Start of The data
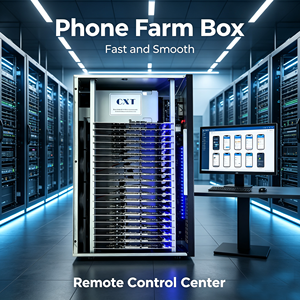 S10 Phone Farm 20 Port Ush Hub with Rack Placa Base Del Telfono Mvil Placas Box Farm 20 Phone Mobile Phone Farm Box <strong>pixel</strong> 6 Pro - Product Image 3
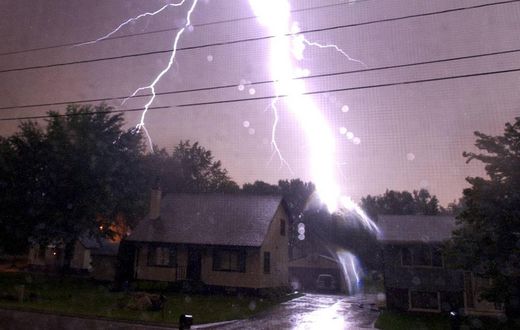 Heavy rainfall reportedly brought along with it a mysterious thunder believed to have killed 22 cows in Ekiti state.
End of The data
Start of The data
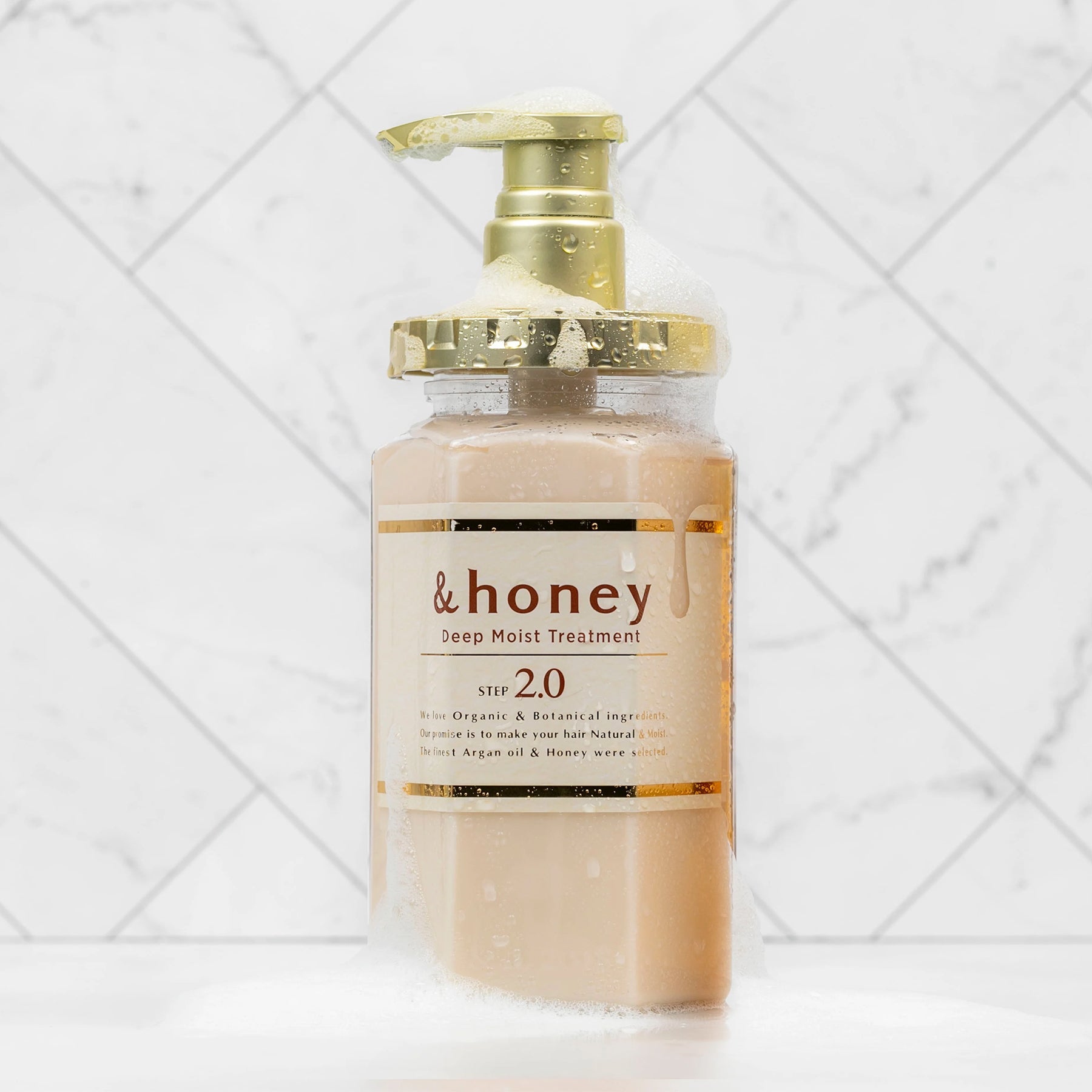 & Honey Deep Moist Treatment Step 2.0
End of The data
#### [Task to carry out]
From the data above, return exactly the lines from the one with "S10 Phone Farm" up to and including the one with "Heavy rainfall reportedly". Pictures do not go in the copy.

#### [Solution for this exercise]
 S10 Phone Farm 20 Port Ush Hub with Rack Placa Base Del Telfono Mvil Placas Box Farm 20 Phone Mobile Phone Farm Box <strong>pixel</strong> 6 Pro - Product Image 3
 Heavy rainfall reportedly brought along with it a mysterious thunder believed to have killed 22 cows in Ekiti state.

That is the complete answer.